▶ Your instructions: No pictures belong in the copy, but every line of the material below must be reproduced exactly.

Start of Source data

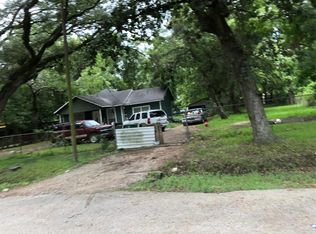 2925 Sadler St, Houston, TX 77093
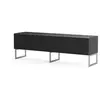 Image de Meuble TV PALERMO 160 cm en occasion ou reconditionné
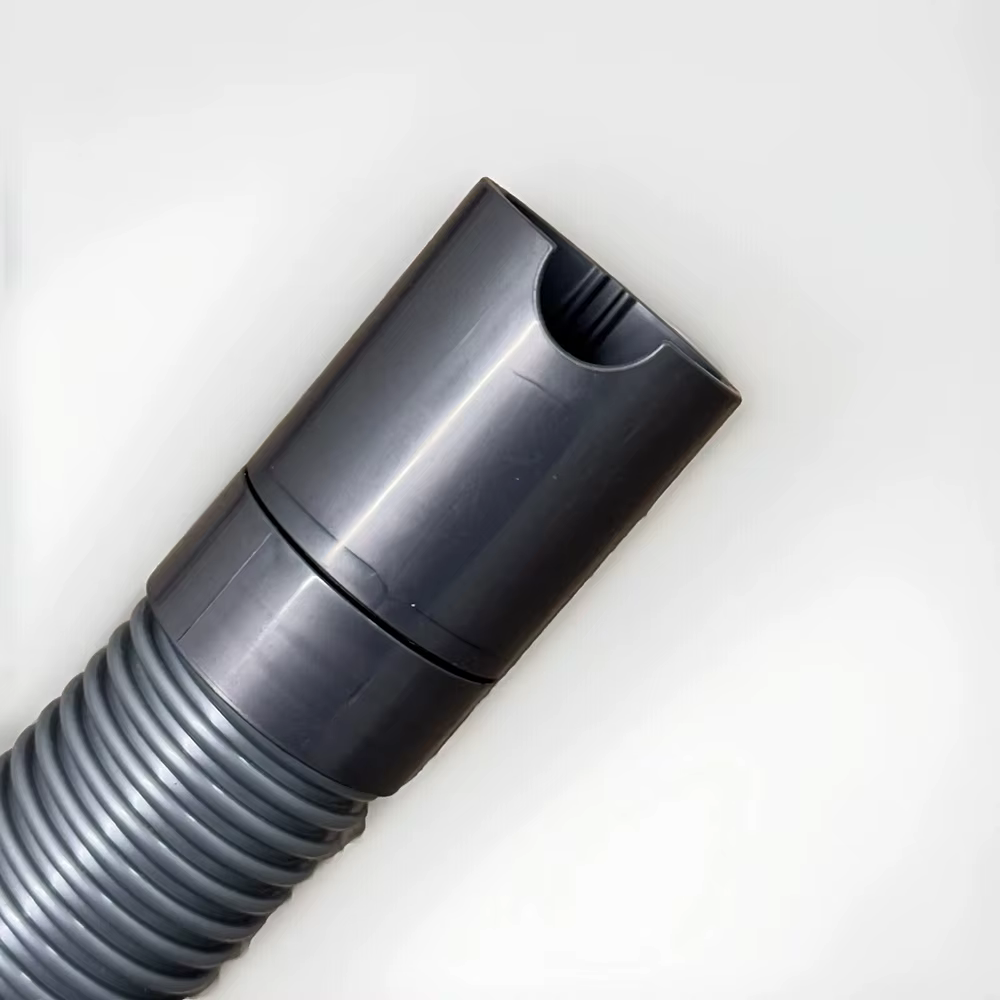 Ensemble de tuyau à dégagement rapide Big Ball 967366-02 pour Dyson Cy18 Cy22 Cy23 Cy26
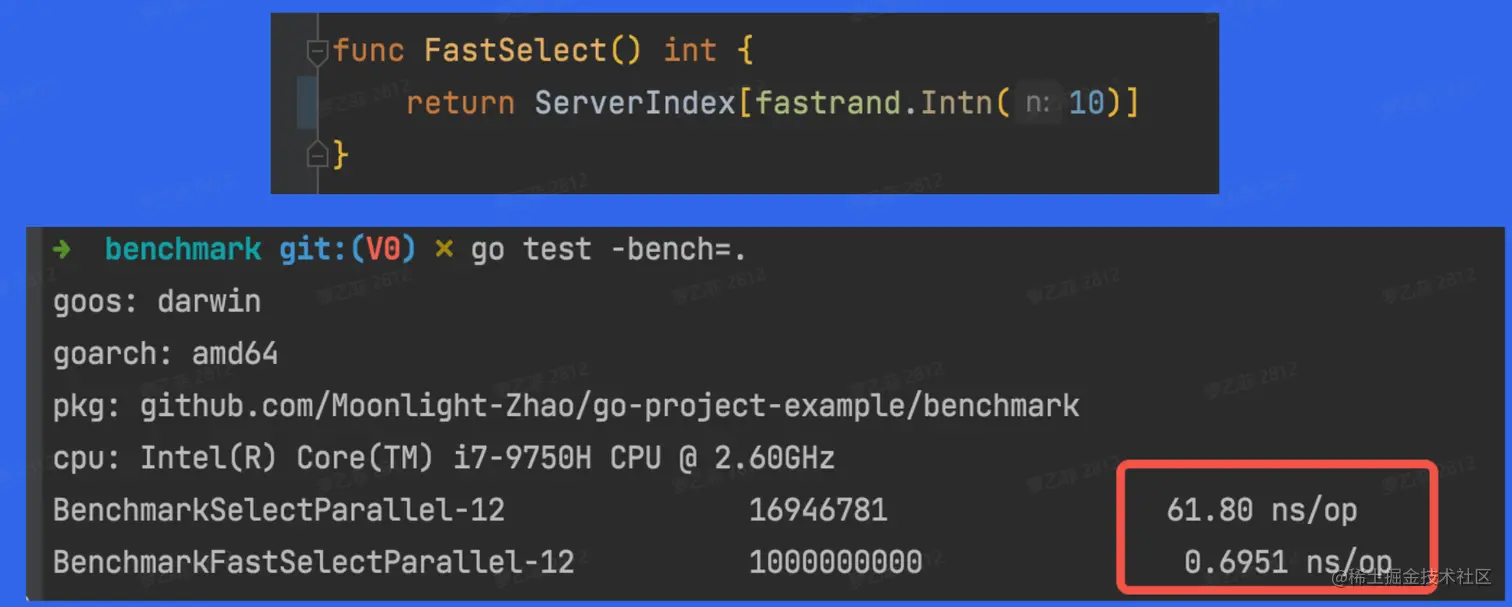 image-20230113171234529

End of Source data

▶ Result for this task:
 2925 Sadler St, Houston, TX 77093
 Image de Meuble TV PALERMO 160 cm en occasion ou reconditionné
 Ensemble de tuyau à dégagement rapide Big Ball 967366-02 pour Dyson Cy18 Cy22 Cy23 Cy26
 image-20230113171234529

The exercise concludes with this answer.